* **Problem to work on**
Leaving the pictures aside, reproduce the data in full and word for word.

* **Web page caption snippets**
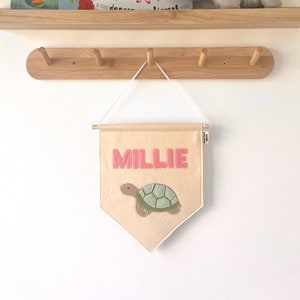 May include: A beige felt pennant with the name "Millie" embroidered in pink letters and a green turtle illustration. The pennant is hanging on a wooden shelf with hooks, above two children's books and a grey elephant soft toy.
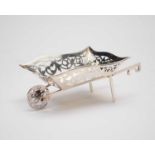 A silver model of a wheelbarrow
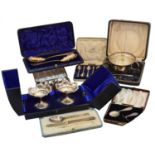 A selection of cased silver items,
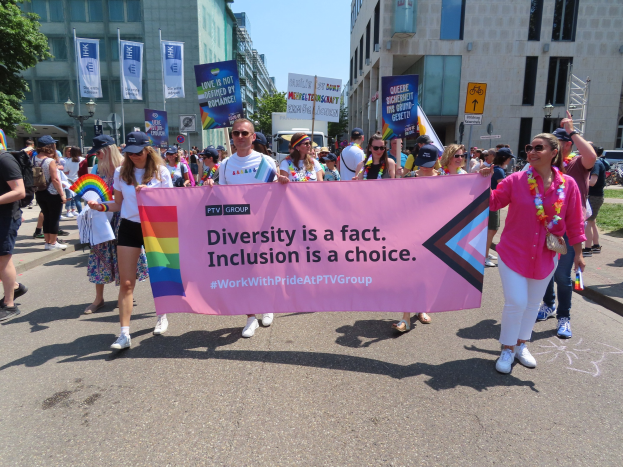 Eine Gruppe von Menschen marschiert auf einer Straße, hält ein Banner mit der Aufschrift "Diversität ist eine Tatsache, Inklusion ist eine Wahl", einige tragen Mützen und Schutzbrillen, andere halten zusätzliche Banner, vor einem Hintergrund aus Gebäuden, Bäumen, Laternenpfählen und einem klaren blauen Himmel.
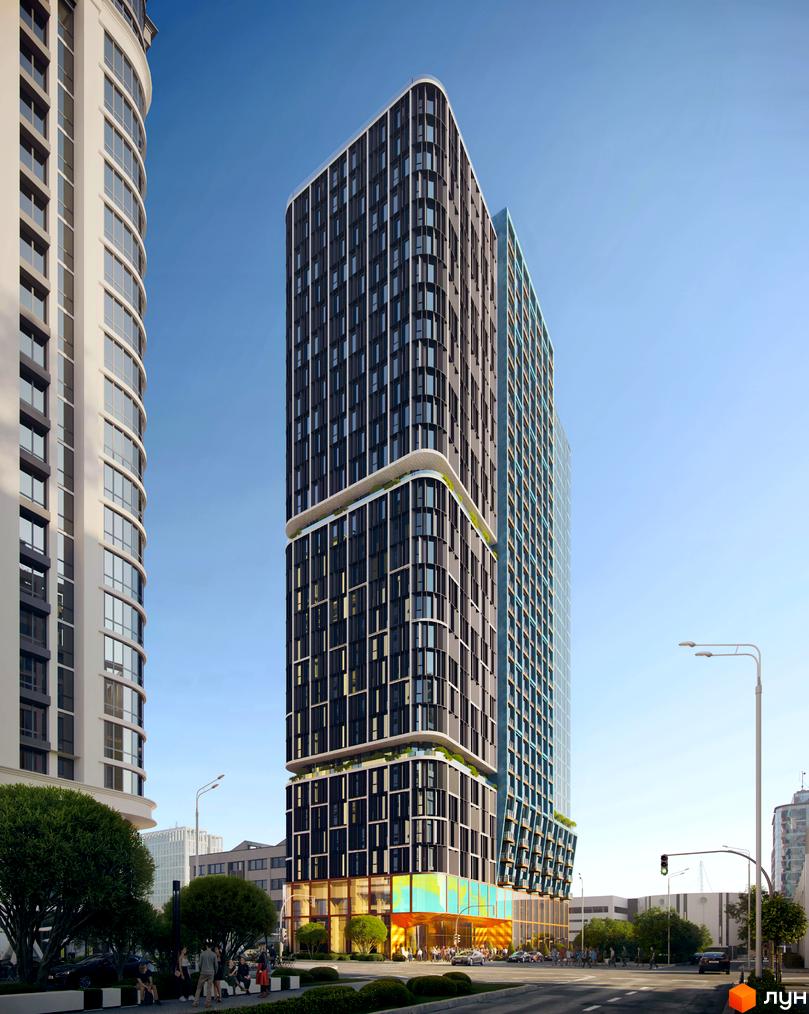 Сучасний житловий комплекс на вулиці Володимиро-Либідська, 25, з фасадами з темних та світлих панелей і скляними елементами. Навколо комплексу зелені насадження та міська інфраструктура.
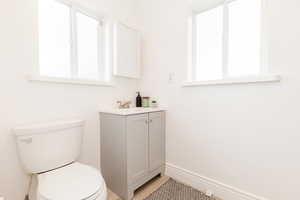 Bathroom with baseboards, toilet, and vanity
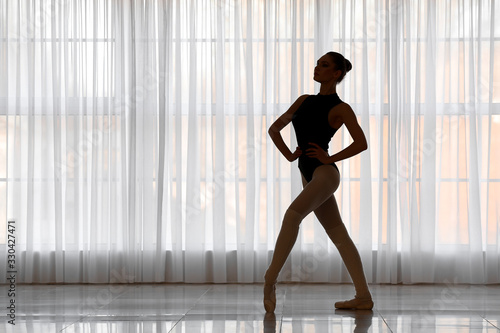 Silhouette of beautiful young ballerina in dance studio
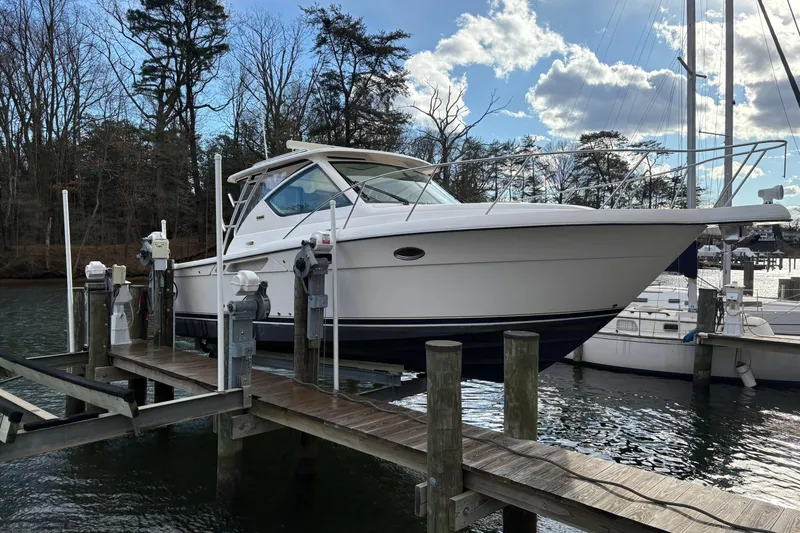  Yacht Photos Pics 2008 Tiara Yachts 3000 Open docked at a marina with trees in the background.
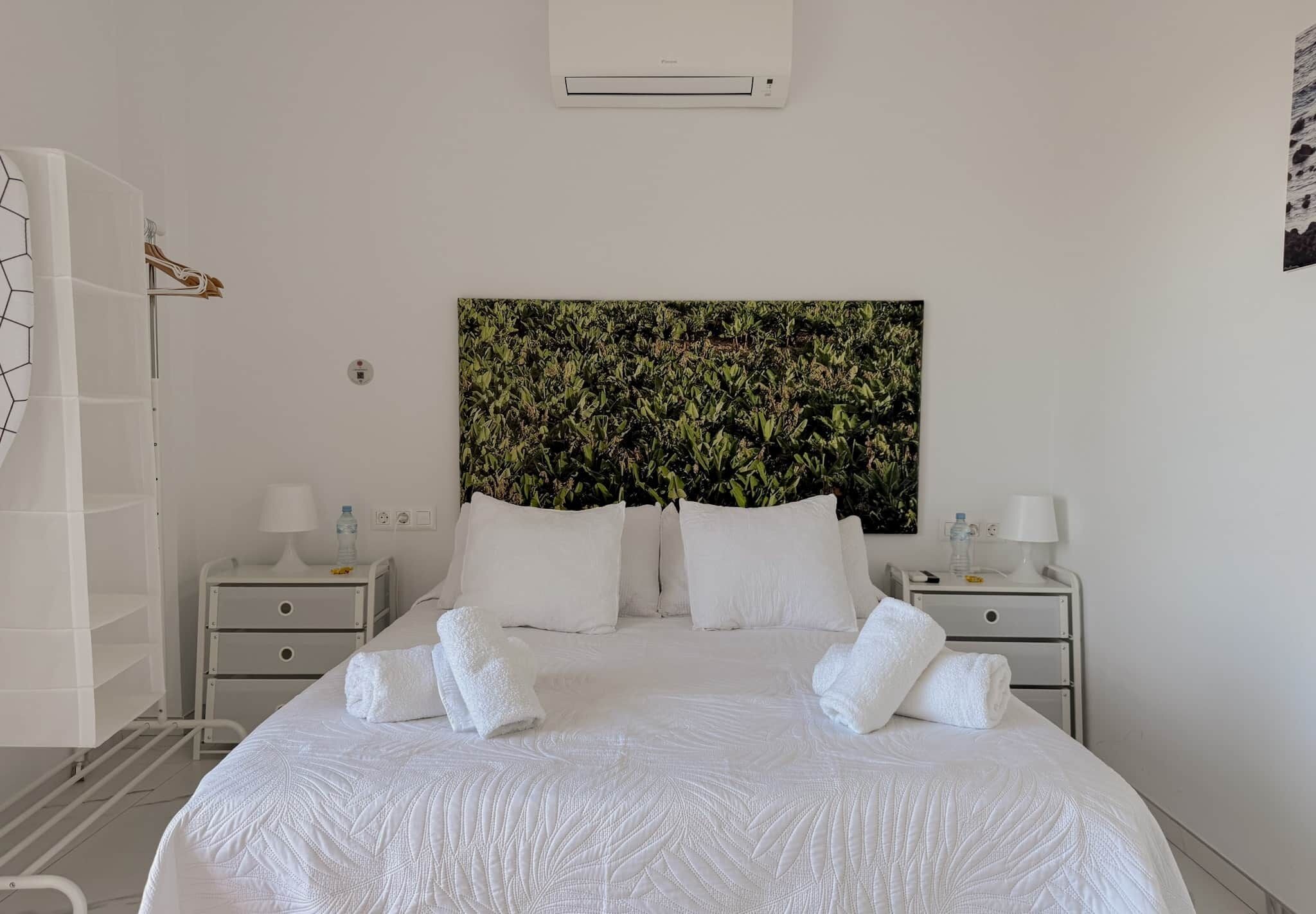 Camera d'albergo con un letto grande, due comodini con lampade, un condizionatore d'aria a parete e un grande quadro astratto sopra il letto.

* **Answer box**
 May include: A beige felt pennant with the name "Millie" embroidered in pink letters and a green turtle illustration. The pennant is hanging on a wooden shelf with hooks, above two children's books and a grey elephant soft toy.
 A silver model of a wheelbarrow
 A selection of cased silver items,
 Eine Gruppe von Menschen marschiert auf einer Straße, hält ein Banner mit der Aufschrift "Diversität ist eine Tatsache, Inklusion ist eine Wahl", einige tragen Mützen und Schutzbrillen, andere halten zusätzliche Banner, vor einem Hintergrund aus Gebäuden, Bäumen, Laternenpfählen und einem klaren blauen Himmel.
 Сучасний житловий комплекс на вулиці Володимиро-Либідська, 25, з фасадами з темних та світлих панелей і скляними елементами. Навколо комплексу зелені насадження та міська інфраструктура.
 Bathroom with baseboards, toilet, and vanity
 Silhouette of beautiful young ballerina in dance studio
  Yacht Photos Pics 2008 Tiara Yachts 3000 Open docked at a marina with trees in the background.
 Camera d'albergo con un letto grande, due comodini con lampade, un condizionatore d'aria a parete e un grande quadro astratto sopra il letto.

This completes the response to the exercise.